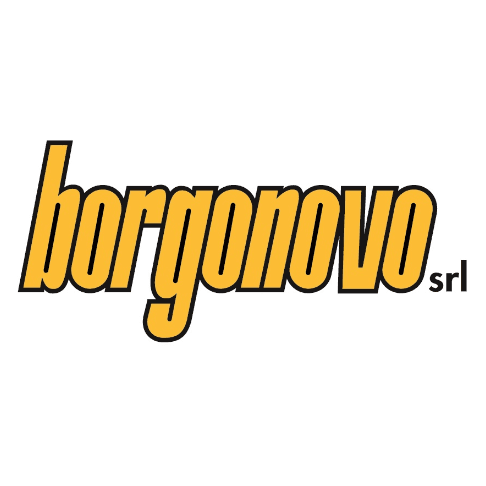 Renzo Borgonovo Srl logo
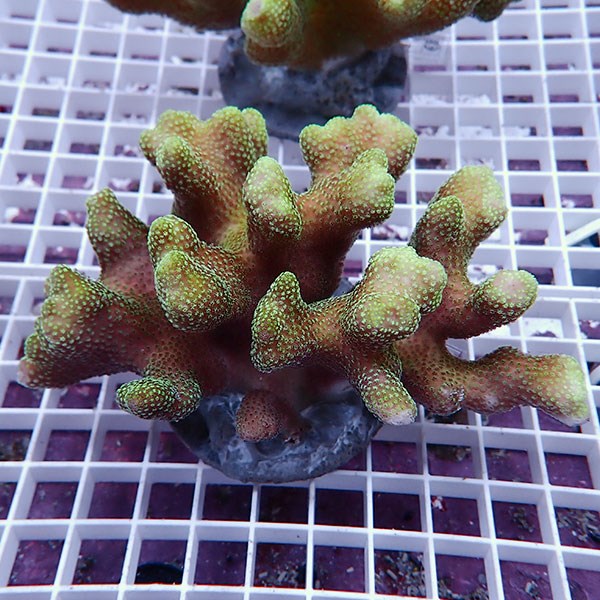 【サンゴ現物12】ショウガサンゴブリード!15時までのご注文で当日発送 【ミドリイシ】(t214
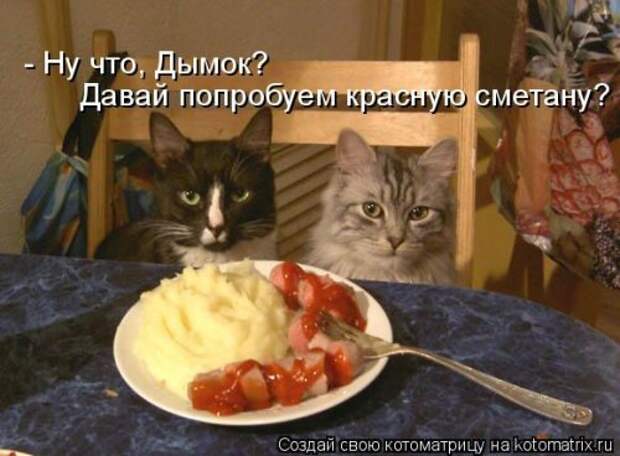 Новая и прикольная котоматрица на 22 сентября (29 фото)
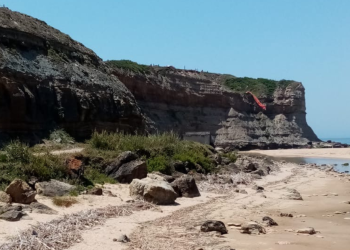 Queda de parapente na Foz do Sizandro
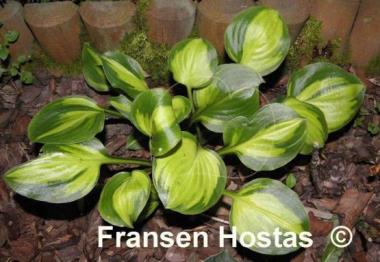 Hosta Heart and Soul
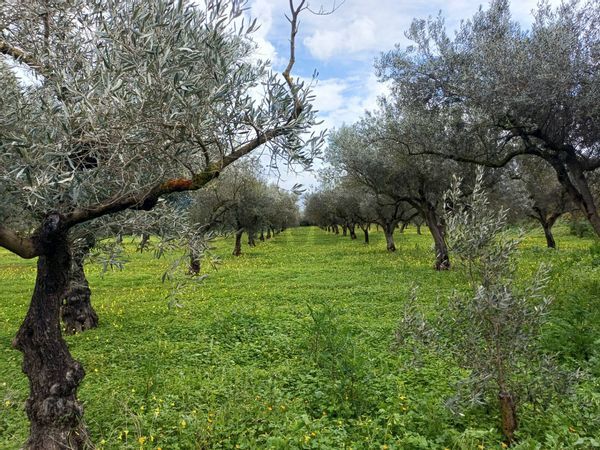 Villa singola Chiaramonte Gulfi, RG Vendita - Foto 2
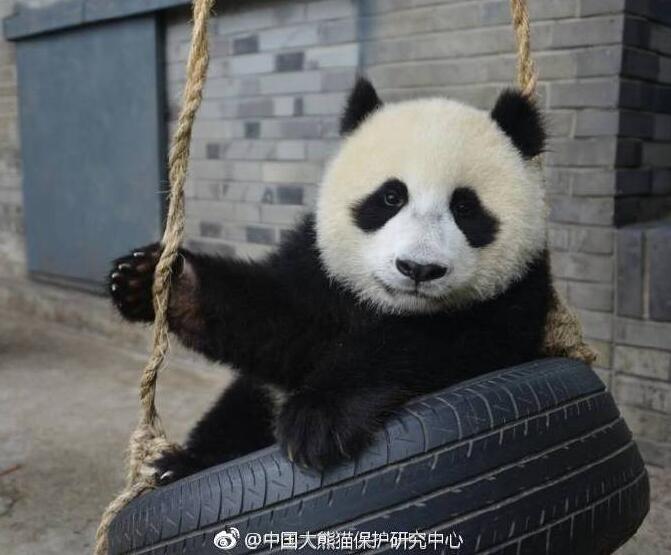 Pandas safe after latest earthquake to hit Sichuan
◆ ◆ ◆ ◆ ◆ ◆ ◆
### [Task to carry out]
Would you transcribe all of the entries above exactly, minus the images?

### [Expected answer]
 Renzo Borgonovo Srl logo
 【サンゴ現物12】ショウガサンゴブリード!15時までのご注文で当日発送 【ミドリイシ】(t214
 Новая и прикольная котоматрица на 22 сентября (29 фото)
 Queda de parapente na Foz do Sizandro
 Hosta Heart and Soul
 Villa singola Chiaramonte Gulfi, RG Vendita - Foto 2
 Pandas safe after latest earthquake to hit Sichuan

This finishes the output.